Senang sekali jika tulisan yang dikirim lolos dan ditayangkan.Â
Imbalannya? Tidak ada imbalan berupa uang. Akan tetapi, ada imbalan lain yang nilainya lebih dari uang. Saya banyak mengenal teman baru, bahkan sebagian masih saling berhubungan hingga sekarang. Beberapa dari mereka pernah bertemu langsung, tetapi banyak yang belum. Salah satunya adalah Kompasianer Sirpa di Kalifornia. "Hai, Pak Sirpa!"
Kisah dipersingkat.
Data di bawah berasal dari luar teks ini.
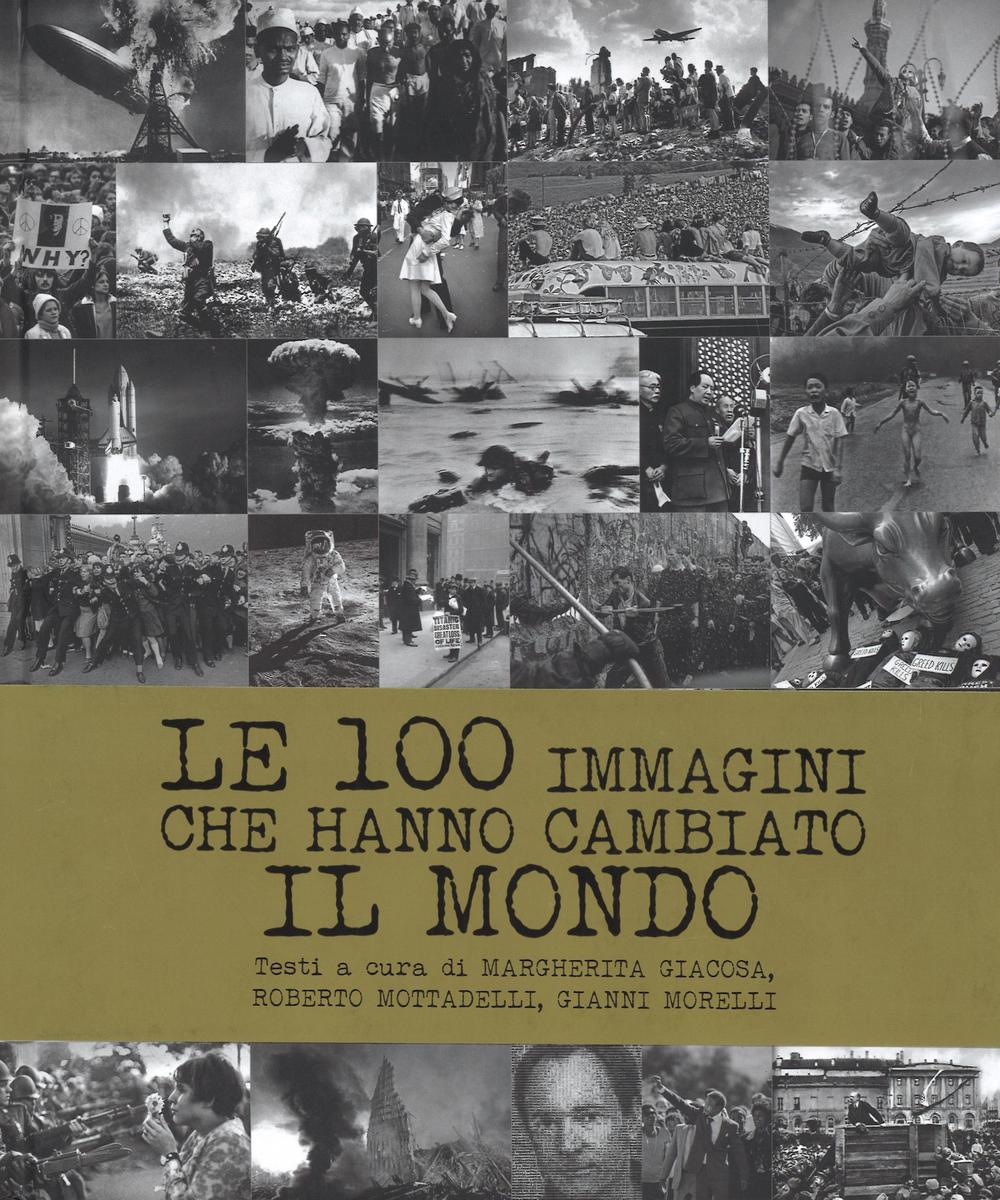 Le 100 immagini che hanno cambiato il mondo. Ediz. illustrata.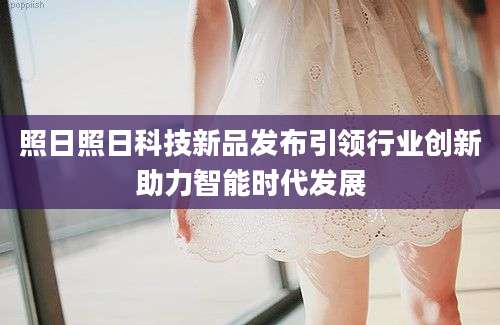 照日照日科技新品发布引领行业创新助力智能时代发展
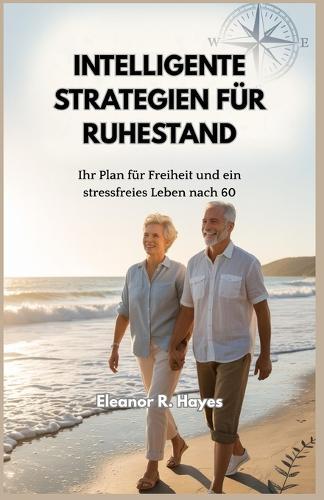Intelligente Strategien Für Ruhestand: Ihr Plan für Freiheit und ein stressfreies Leben nach 60
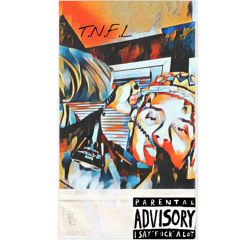 T.N.F.L (Prod. Yung Mango)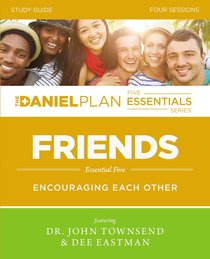 Friends (Study Guide) (The Daniel Plan Essentials Series) Friends (Study Guide) (The Daniel Plan Essentials Series)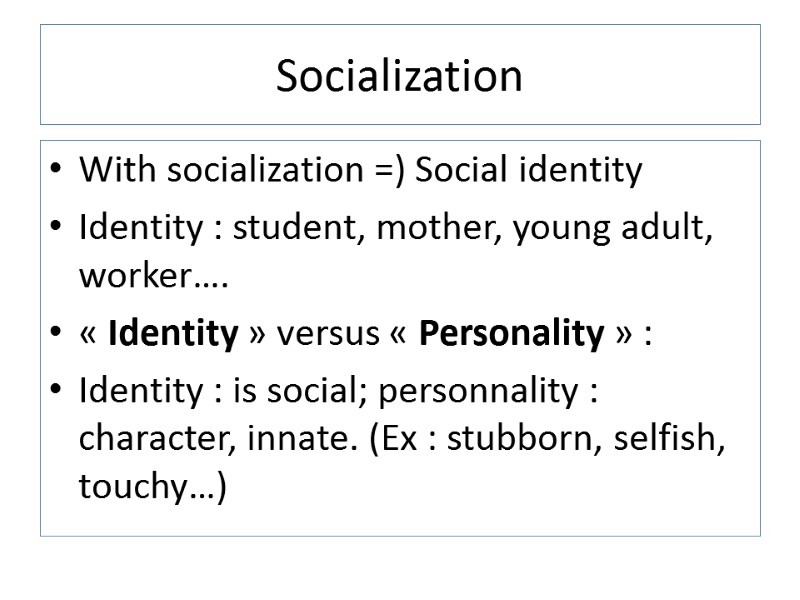 Socialization With socialization =) Social identity Identity : student, mother, young adult, worker…. «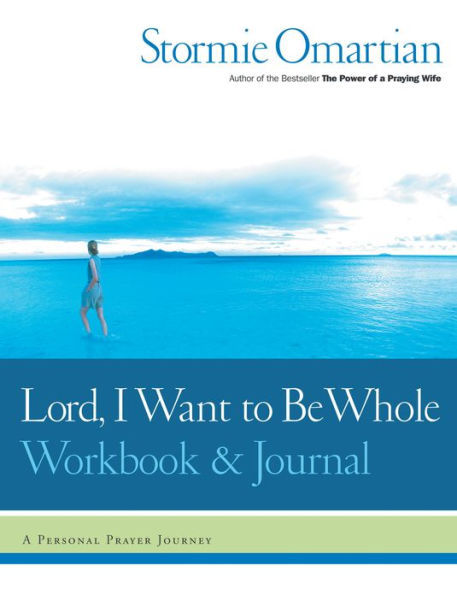 Lord, I Want to Be Whole Workbook and Journal: A Personal Prayer Journey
Rubrik Kesehatan di Kompas akhirnya menjadi Kolom Kita (KoKi). Lalu, entah apa yang terjadi (saya tidak mengikuti), Koki berpisah dengan Kompas dan berdiri sendiri. Saya terus mengikuti dan menulis di Koki.
Tahun 2008, Kompasiana berdiri. Saya tidak mendaftar saat itu. Alasannya, tiba-tiba saya kehilangan gairah untuk menulis selama beberapa tahun. Itu terjadi setelah berpulangnya ibu dan ayah saya pada 2008 dan 2009.